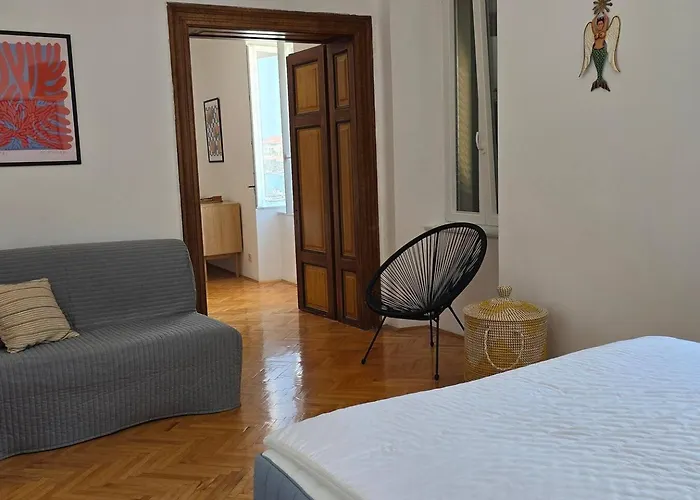 Apartament Marineta Sunset *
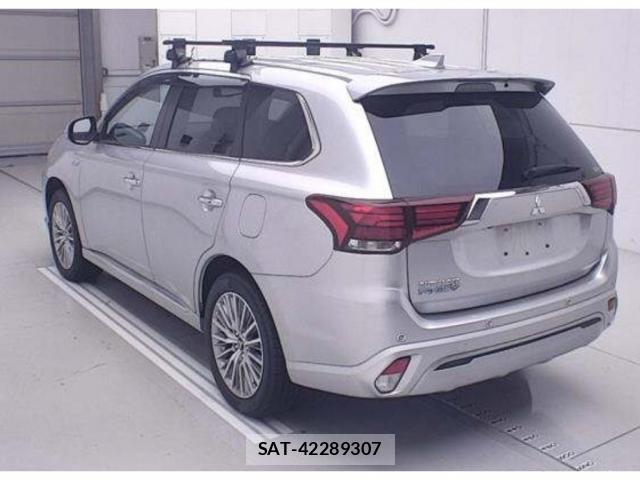 Mitsubishi OUTLANDER PHEV 2021-07 8650307-1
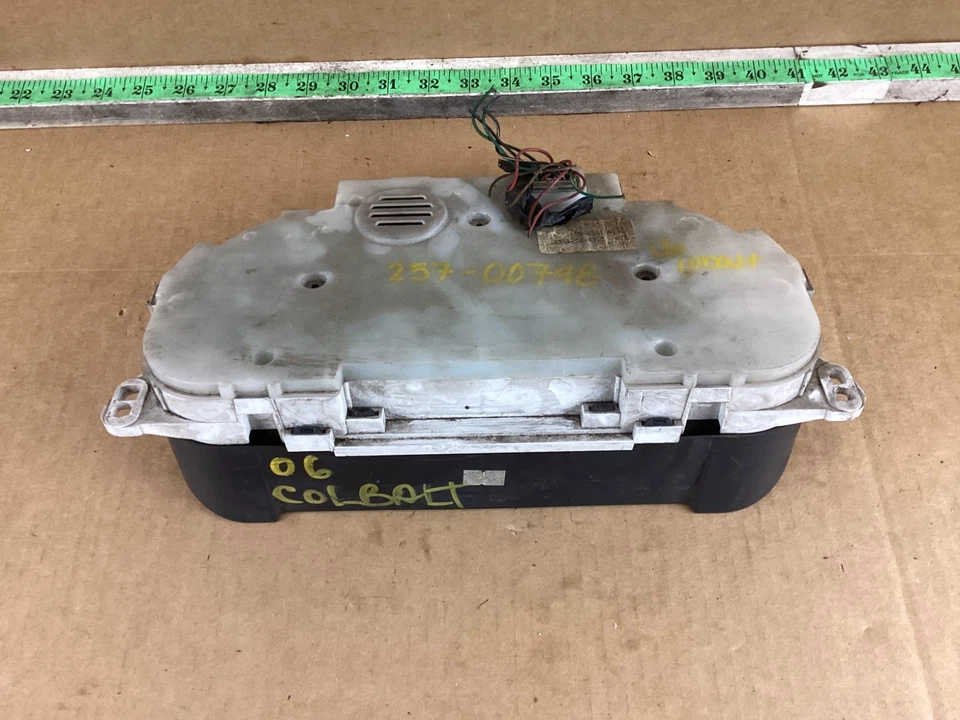 2005 - 2010 Chevrolet Cobalt Speedometer Instrument Cluster - Image 4 of 4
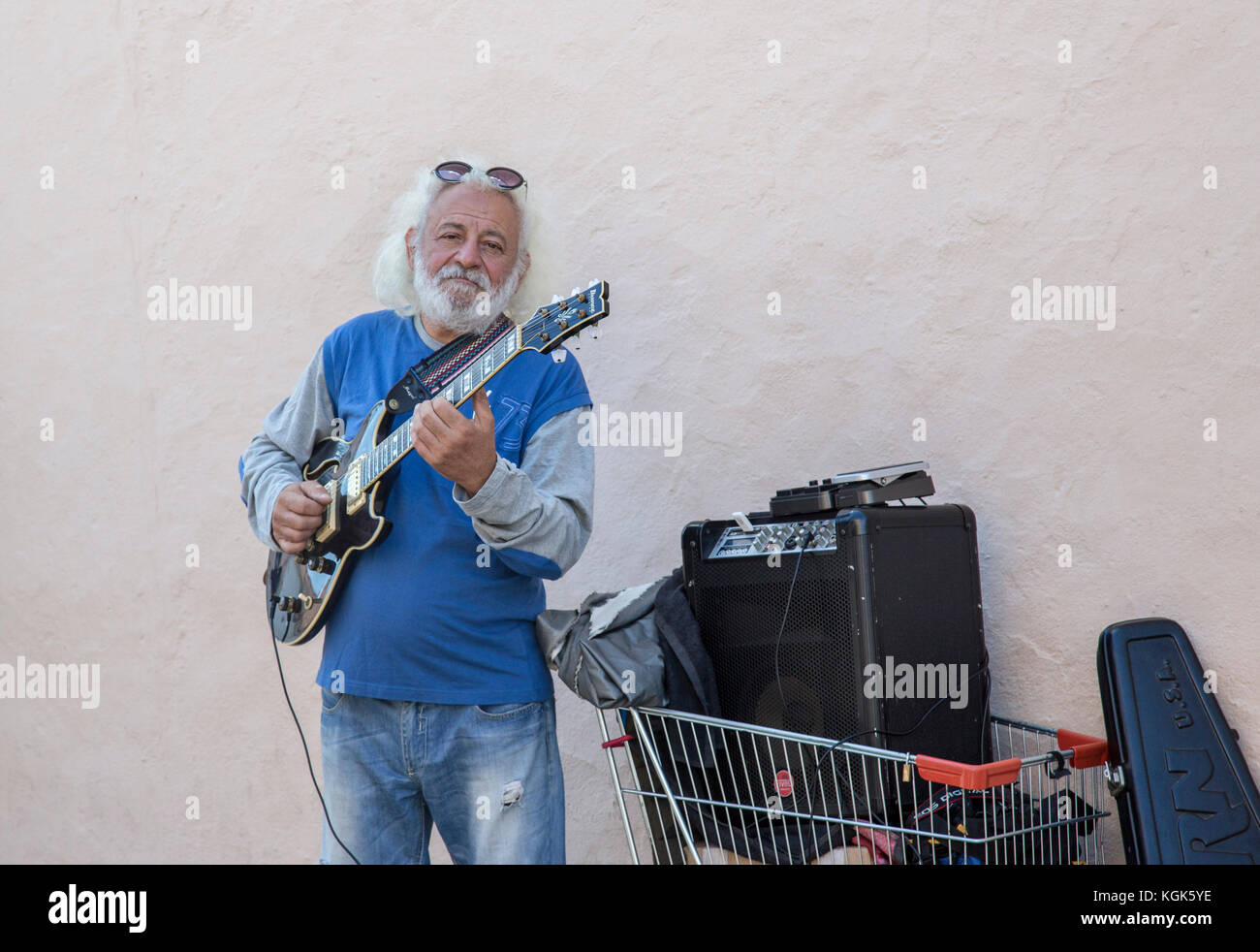 Musicista giocando musicista di strada in un mercato aperto in piazza in una zona rurale Sardinan villaggio sul marketday Foto Stock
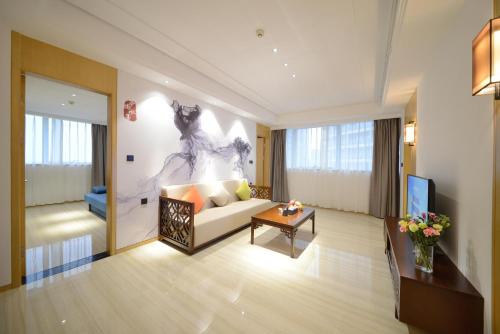 Imagen general del Hotel Juzhi Herton. Foto 2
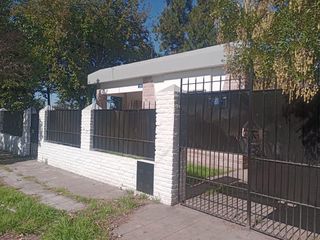 Foto 1 de CASA EN ALQUILER EN MORENO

# YOUR TASK
Transcribe, word for word, the line holding "Imagen general del" and all lines after it in the entries above, ending with the last. Only those lines; no pictures.

# COMPLETED TASK
 Imagen general del Hotel Juzhi Herton. Foto 2
 Foto 1 de CASA EN ALQUILER EN MORENO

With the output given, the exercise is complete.